2

I have run into this phenomenon many times before, but none were as clear for demonstrating my point as the following:

The source code for pwhois has two functions:

w_lookup_all_pwhois(whois_session_params * wsess, char *addr)
w_lookup_as_pwhois(whois_session_params * wsess, char *addr)

These are 40-to-60-line functions, and are identical except the ...as_pwhois function only saves the "origin-as" field, whereas ...all_pwhois saves all fields.

If I were writing these, I would instead write a single function, with another variable that says whether to fetch all fields or just a single one. Depending on the application, this variable could even flag, which of the fields to fetch. One advantage would be that, when reading code from scratch, I wouldn't have to read two identical functions (which are not adjacent in the code), to figure out that they do the exact same thing. Also, when changing the functionality of one, I wouldn't have to visit every one of the relevant functions, to modify the code there as well. The disadvantage: a more complicated function-- a seemingly minor disadvantage.

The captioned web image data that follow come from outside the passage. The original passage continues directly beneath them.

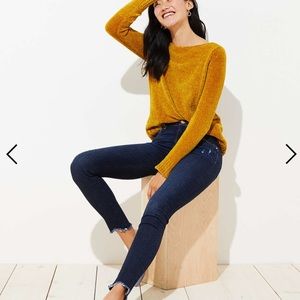 Loft curvy skinny jeans with frayed bottom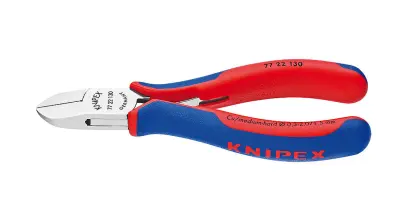 Bočné štiepacie kliešte Knipex 77 22 130 SB – pre elektroniku, guľaté čeľuste, bez fazety (K 77 22 1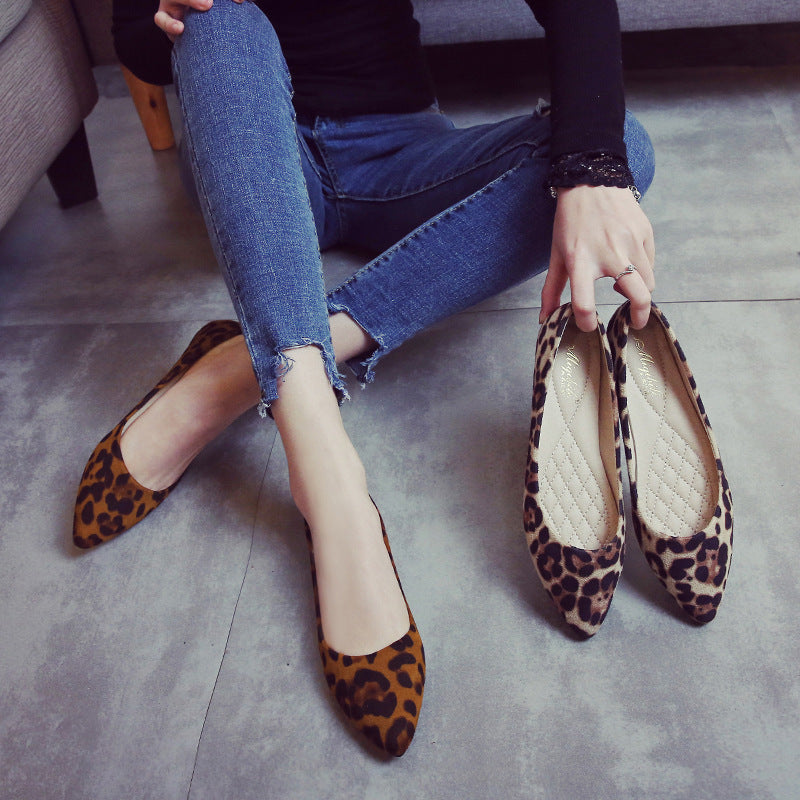 Leopard-Print Pointed Ballet Flats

However, most developers in my company seem to prefer the multi-function approach, as seems to be the case everywhere else as well, judging by the available open-source code on the internet. As a result, the pwhois has on the order of 50 functions, and I have to remember which one does what-- when 10 multi-purpose functions could easily do the job. What am I missing, that makes the 50-function approach more preferable? Is there a way to read source code from scratch, in a way which avoids reading these very similar functions more than once? (Since the functions are not adjacent in the code, I would guess maybe there's some "standard" comment file that I've not run into yet.)

Alex
  • 947
  • 1
  • 8
  • 25
  • 'when changing the functionality of one, I wouldn't have to visit every one of the relevant functions, to modify the code there as well' - shoulda been 51 functions. – Martin James Aug 22 '17 at 15:39
  • 4
    Just splitting into more functions isn't the question. It's about breaking a problem down into smaller, useful, and encapsulated pieces. The resulting code is more modular, making it easier to maintain, more flexible, and more re-usable for similar tasks. If the code you're talking about has redundant code in each of the smaller functions that must always be synchronized, that's just poorly written code (poor encapsulation) having nothing to do with it being more functions. Well-written, modular code would limit the amount of code that needs to be considered for a given change. – lurker Aug 22 '17 at 15:39
  • 5
    Readability, maintainability, reusability. – Some programmer dude Aug 22 '17 at 15:40
  • 1
    Look here: https://stackoverflow.com/questions/250284/best-practices-many-small-functions-methods-or-bigger-functions-with-logical-p – Fausto Carvalho Marques Silva Aug 22 '17 at 15:40
  • If you really have identical functions, their size isn't the problem. – Scott Hunter Aug 22 '17 at 15:40
  • 1
    "Hey, don't touch what's already there - make a new function. If you break something that worked OK before, it's your job". – Martin James Aug 22 '17 at 15:41
  • 3
    If the functions are split the way you describe it, this isn't a good practice. *Many small functions* are good, but they should follow the *single responsibility* (SRP) principle as well as the *don't repeat yourself* (DRY) principle. That would mean, take these two functions, factor out the common code in **yet another function**. For the reasons, google for these terms :) –  Aug 22 '17 at 15:46
  • C doesn't support multiple exits easily, so the alternatives are a long sequence of gotos and cleanups, or small functions. The latter is generally more maintainable and easier to understand and refactor. – Kerrek SB Aug 22 '17 at 15:52
  • @FelixPalmen So in this case, is it a good idea to code your suggestion for the `pwhois` database? Or, is it a big enough project, that I should not propose a change of this magnitude until I am really familiar with how it works? – Alex Aug 22 '17 at 15:52
  • Anyway, it's usually not code, but data that it the problem. In C, you can't just pop another member var into a class declaration - you have to explicitly arrange for persistent data to.. well.. be persistent. It's all too easy to resort to globals or statics, and then we get crap like strtok() :* – Martin James Aug 22 '17 at 15:53
  • @Alex: if the code inside these functions is duplicated, then it's an awful idea. – vgru Aug 22 '17 at 16:00
  • @Alex can't tell you, I don't know this project. I'm just saying a complicated *generalist* function typically isn't something you want either. –  Aug 22 '17 at 16:22

2 Answers2

3

Having a multitude of functions that all work together does a number of things.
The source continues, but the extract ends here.